40% Answer Correctly

	3080 \( \frac{ft⋅lb}{s} \)
	1540 \( \frac{ft⋅lb}{s} \)
	385 \( \frac{ft⋅lb}{s} \)
	6160 \( \frac{ft⋅lb}{s} \)

Solution

\( Efficiency = \frac{Power_{out}}{Power_{in}} \times 100 \)
Solving for power out: \( P_{o} = \frac{E \times P_{i}}{100} \)
Knowing that 1 hp = 550 \( \frac{ft⋅lb}{s} \), P_i becomes 7 hp x 550 \( \frac{ft⋅lb}{s} \) = 3850 \( \frac{ft⋅lb}{s} \)
\( P_{o} = \frac{E \times P_{i}}{100} = \frac{40 \times 3850 \frac{ft⋅lb}{s}}{100} \) \( = \frac{154000 \frac{ft⋅lb}{s}}{100} \) = 1540 \( \frac{ft⋅lb}{s} \)

Which of the following is not a characteristic of a ceramic?

61% Answer Correctly

	high melting point
	low corrosive action
	chemically stable
	low density

Solution

Ceramics are mixtures of metallic and nonmetallic elements that withstand exteme thermal, chemical, and pressure environments. They have a high melting point, low corrosive action, and are chemically stable. Examples include rock, sand, clay, glass, brick, and porcelain.

3 How much work can a 5 hp engine do in 3 seconds?

52% Answer Correctly

	0 ft⋅lb
	20 ft⋅lb
	1 ft⋅lb
	8250 ft⋅lb

Solution

Horsepower (hp) is a common measure of power output for complex machines. By definition, a 1 hp machine does 550 ft⋅lb of work in 1 second: 1 hp = 550 ft⋅lb/s. Substituting the variables for this problem gives us:
\( W = 5 hp \times 550 \frac{ft⋅lb}{s} \times 3s = 8250 ft⋅lb \)

4 If 55 lbs. of force is applied 7 ft. from the fulcrum at the blue arrow and the green box is 3 ft. from the fulcrum, how much would the green box have to weigh to balance the lever?

62% Answer Correctly

	256.67 lbs.
	128.33 lbs.
	513.33 lbs.
	42.78 lbs.

Solution

To balance this lever the torques at the green box and the blue arrow must be equal. Torque is weight x distance from the fulcrum so the equation for equilibrium is:

R_ad_a = R_bd_b

where a represents the green box and b the blue arrow, R is resistance (weight/force) and d is the distance from the fulcrum.

Solving for R_a, our missing value, and plugging in our variables yields:

R_a = \( \frac{R_bd_b}{d_a} \) = \( \frac{55 lbs. \times 7 ft.}{3 ft.} \) = \( \frac{385 ft⋅lb}{3 ft.} \) = 128.33 lbs.

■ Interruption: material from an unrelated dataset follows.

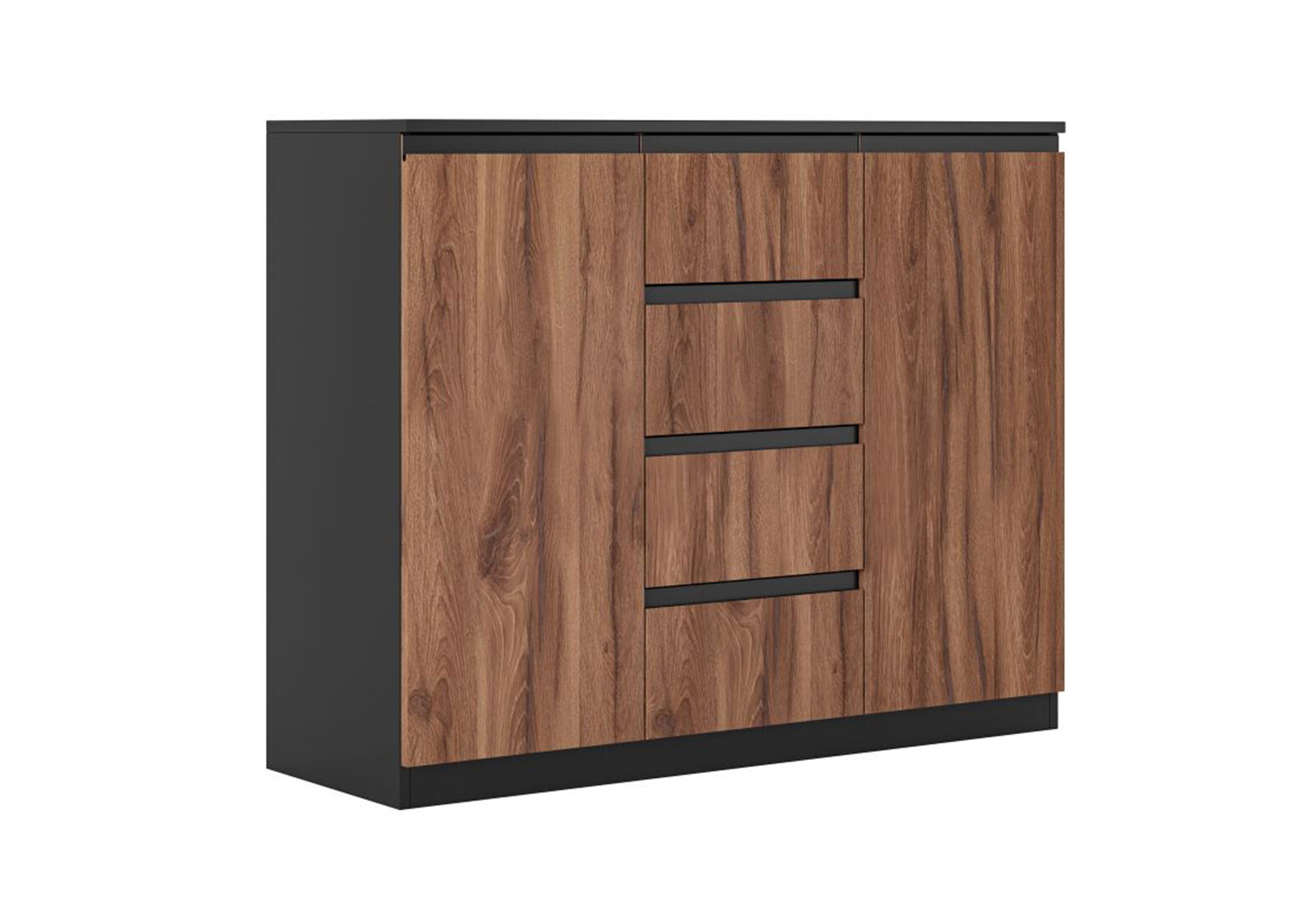 Фото 3 - Комод Світ Меблів Фріда з 2 дверками і 4 шухлядами 120 см, чорний / дуб ліворно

5 If the green box weighs 50 lbs. and is 5 ft. from the fulcrum, how much weight would need to be placed at the blue arrow to balance the lever if the arrow's distance from the fulcrum is 2 ft.?

63% Answer Correctly

	250 lbs.
	31.25 lbs.
	375 lbs.
	125 lbs.

Solution

To balance this lever the torques on each side of the fulcrum must be equal. Torque is weight x distance from the fulcrum so the equation for equilibrium is:

R_ad_a = R_bd_b

where a represents the left side of the fulcrum and b the right, R is resistance (weight) and d is the distance from the fulcrum.

Solving for R_b, our missing value, and plugging in our variables yields:

R_b = \( \frac{R_ad_a}{d_b} \) = \( \frac{50 lbs. \times 5 ft.}{2 ft.} \) = \( \frac{250 ft⋅lb}{2 ft.} \) = 125 lbs.